His family’s sole objective, said Nayman, was what he called their “long-term strategy,” — to “survive today and hope to see tomorrow.”
As the war raged on and Hitler invaded the Soviet Union, breaking his treaty with Stalin, Nayman’s family was transported to work on a factory in Haivoron, a town in Ukraine. There, they were helped by a nearby Ukrainian farmer family. “Nobody survives the Holocaust without some kindness from somebody,” said Nayman.
After the war, Nayman’s family was able to leave the Soviet Union and ended up in an occupation zone in a former SS camp in Wetzlar, Germany. There, they were reunited with the few surviving members of their family, and Nayman first found out what had happened during the war and what the Nazis had done to the Jewish people.
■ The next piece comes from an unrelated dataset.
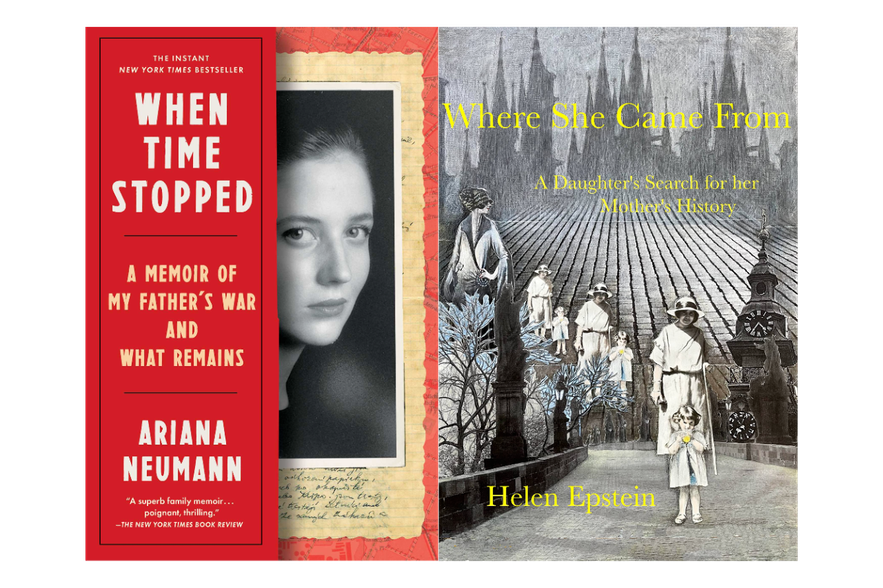 Holocaust Memoir Event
Photos of the death camps were circulated, depicting the state of prisoners and their living conditions.
“In the Soviet Union, there was absolutely nothing publicized about the Holocaust — nothing in the news, nothing in any papers for the entire duration of the war,” said Nayman. “It was the first time I saw tattoos on the arms of survivors. I held a bar of soap made of Jewish fat, with a Nazi swastika and an inscription, ‘Rein Juden Fett,’ pure Jewish fat. It was there that I held a lampshade made of Jewish skin.”
The family was able to immigrate to Canada in the fall of 1948, after Nayman’s cousin managed to bribe officials with a gold coin to get visas for their family. Nayman said his life in Canada compensated him for the childhood that he lost during the Holocaust. “I’ve been blessed beyond words,” said Nayman, who has been married for 57 years, with two sons and five grandchildren.
But reflecting on his fortune in Canada, he urges the public to never forget the atrocities that were committed by the Nazis during the war.
“Holocaust survivors have risen from the ashes of the death camps,” said Nayman. “Holocaust survivors are the actual victors over Nazis and Hitler . . . The Holocaust is 73 years past, yet today there is no shortage of the elements that lead to mass killings. “If we forget history, it tends to repeat itself.”
Holocaust education week was created through a partnership between Ryerson University, the Ryerson Students’ Union and Ryerson Hillel.